« Une personne valait environ 100 000 cauris. Imaginons le travail de recueillir manuellement 100 000 cauris sur une plage », déclare l’historien Davide Santos, tout en prenant quelques cauris avec un gant et les montrant aux visiteurs.
Les cauris sont les coquillages d’un mollusque très prisés pendant des siècles en Asie et en Afrique. Ce sont des coquillages blancs, brillants, ressemblant à un petit coquillage.
Les cauris provenaient des plages de l’océan Indien, en particulier des Maldives, et ont joué un rôle crucial dans le commerce d’esclaves sur la côte occidentale de l’Afrique. L’année 1515 est considérée comme le début du commerce structuré et systématique avec les cauris.
Du XVIe au XVIIIe siècle, ils étaient l’une des ‘monnaies’ utilisées par les Portugais en Afrique pour acheter et réduire en esclavage des personnes, explique Davide Santos lors de la visite au Musée de l’Argent, situé dans le centre de Lisbonne, près d’un des principaux lieux de vente d’esclaves à Lisbonne (le Terreiro do Pelourinho Velho, près de l’actuelle Praça do Comércio).
Ces coquillages avaient l’avantage d’être transportables, durables, comme les pièces de monnaie d’aujourd’hui, et possédaient également la valeur d’un objet rare et beau, conférant un statut à ceux qui les possédaient et les exhibaient. Ils étaient très utilisés pour confectionner des ceintures ou des colliers, comme on le fait encore aujourd’hui.

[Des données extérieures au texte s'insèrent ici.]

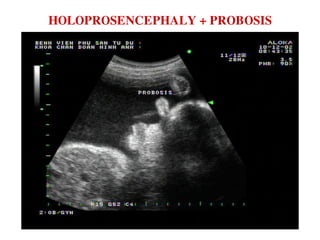 HOLOPROSENCEPHALY + PROBOSIS
 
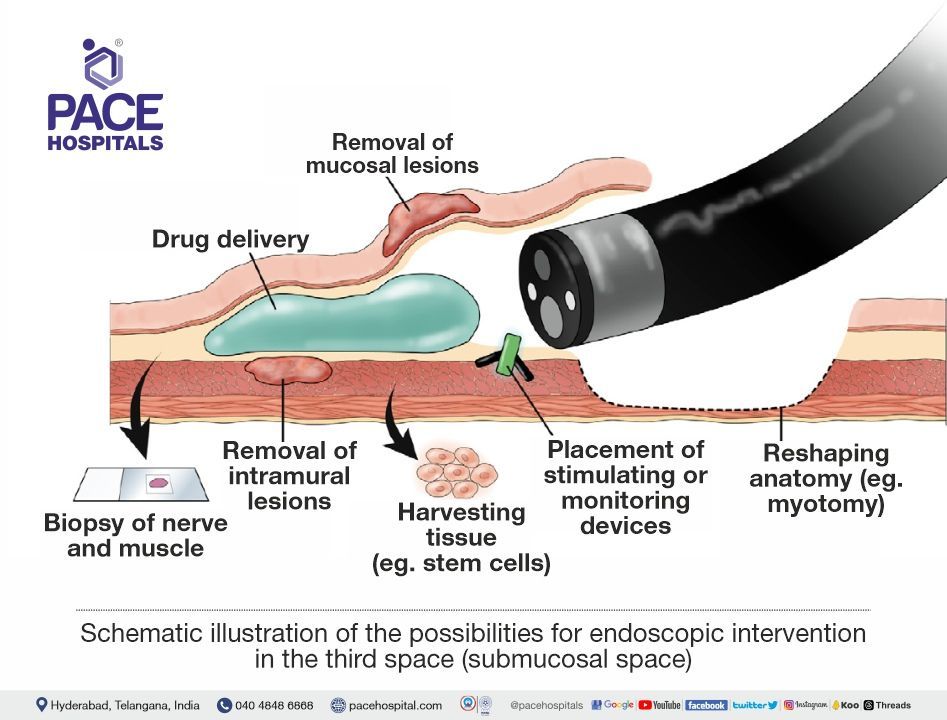 Possibilities for endoscopic intervention in the third space Third space endoscopy indications | Third Space Endoscopy technique in Hyderabad, India | possibilities for endoscopic intervention in the third space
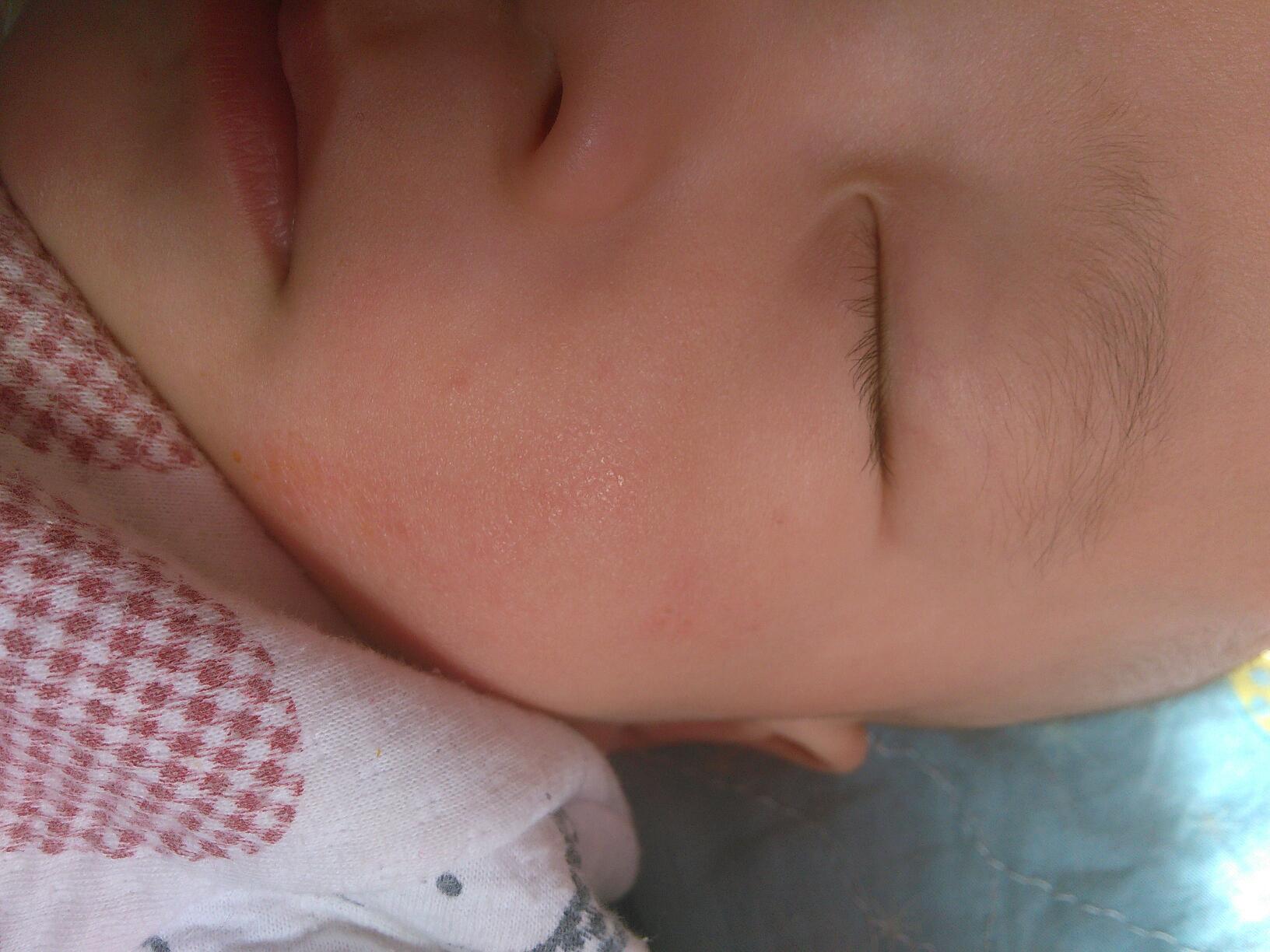 婴儿白斑图片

En plus des cauris, ‘Testemunhos da Escravatura’ expose également d’autres objets utilisés pour échanger des personnes, tels que les zimbos (petits coquillages collectés sur la côte de Luanda, principalement par des femmes) et les manilles (larges anneaux métalliques ornant généralement les poignets, produits principalement à Venise, en Flandre, à Liverpool et à Birmingham).
Lors de la visite, Davide Santos rappelle les lettres du roi Afonso Ier du Congo (1507-1542) aux rois portugais avec lesquels il entretenait de bonnes relations, leur demandant de cesser le commerce des esclaves, auquel il avait initialement consenti. Il argumentait que le commerce avait échappé à tout contrôle, dépeuplant son royaume.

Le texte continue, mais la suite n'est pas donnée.